Although it doesn't give any error, a very lengthy expression is evaluated which is wrong, and as a result, consumes a lot more time.

To answer your question about optimizing the runtime, with a gigantic expression, sympy eventually leads to longer runtimes. You can try using pytensor or symengine. I'd go for pytensor as it uses JIT compilation.

Answer 2

To make it fast, I would guess a good option is to ditch sympy and simply use a dictionary and strings to create the QUBO, probably something like dic[(x_1,x_2,x_3)] = alpha_(x_1,x_2,x_3) which takes the (sorted) tuple of variables to corresponding coeffecient in the QUBO and then worry about making all tuples of length 2.

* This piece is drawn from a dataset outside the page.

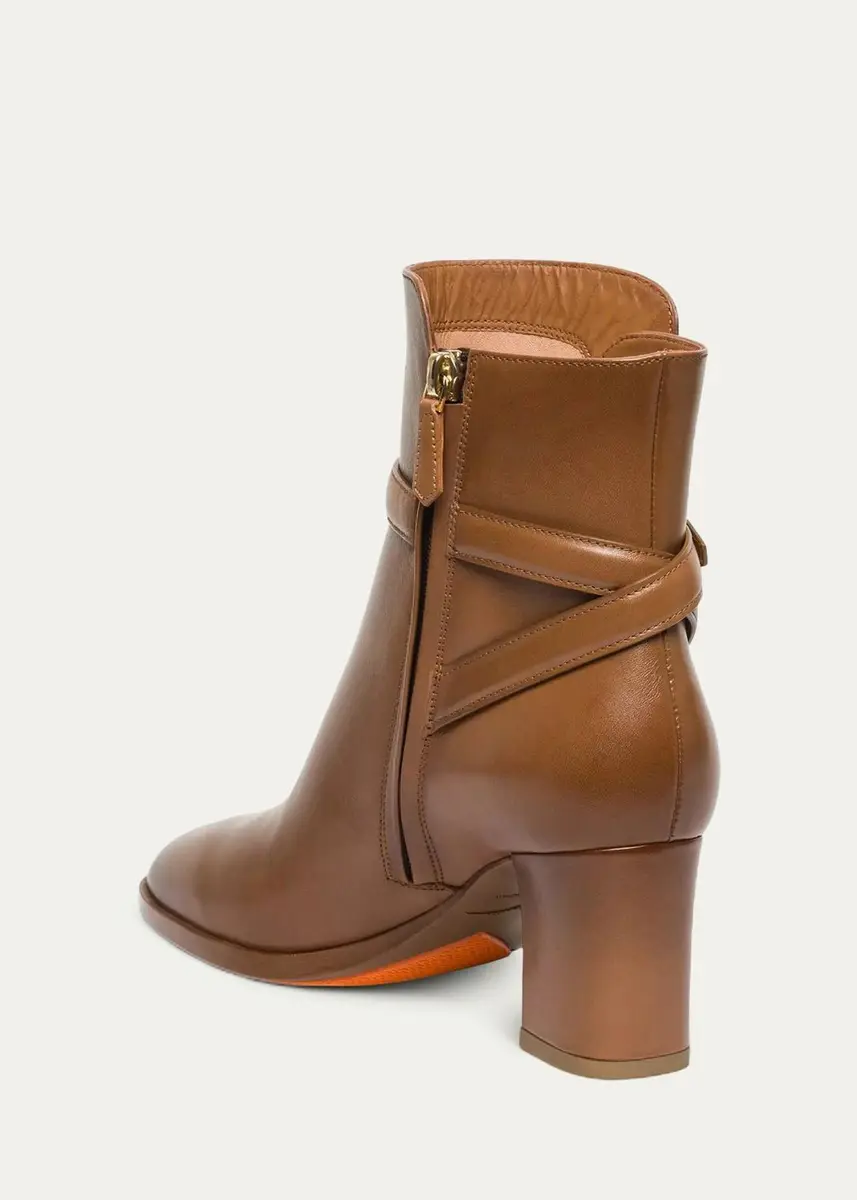 Santoni Andy 65MM Leather Block-Heel Booties | Thumbnail 2 Santoni Andy 65MM Leather Block-Heel Booties | Thumbnail 2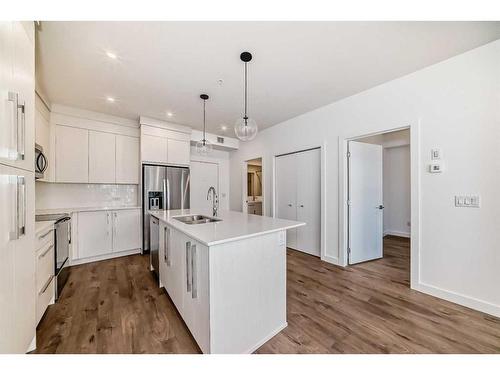 2211-681 Savanna Boulevard Ne, Calgary, AB - Indoor Photo Showing Kitchen With Double Sink With Upgraded Kitchen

From a pragmatic point of view, I would define all the 'product variables' from $p\times q$ first and sub them into $(N-pq)^2$. This way, $N-p\times q$ is linear and and no further reductions will be needed. How these variables are chosen may change the final QUBO though which might not be what you are after.